> Assignment:
Reproduce the records below exactly, but only between the lines holding "Enjoy Rise of" and "Europa League - Group", inclusive.

> Supplied information:
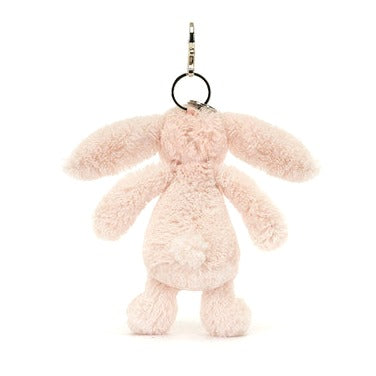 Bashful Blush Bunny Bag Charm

---

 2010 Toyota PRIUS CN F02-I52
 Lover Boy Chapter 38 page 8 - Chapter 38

---

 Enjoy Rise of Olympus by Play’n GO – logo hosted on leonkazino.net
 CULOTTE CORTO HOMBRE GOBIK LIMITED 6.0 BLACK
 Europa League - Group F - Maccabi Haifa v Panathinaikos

> Result of this exercise:
 Enjoy Rise of Olympus by Play’n GO – logo hosted on leonkazino.net
 CULOTTE CORTO HOMBRE GOBIK LIMITED 6.0 BLACK
 Europa League - Group F - Maccabi Haifa v Panathinaikos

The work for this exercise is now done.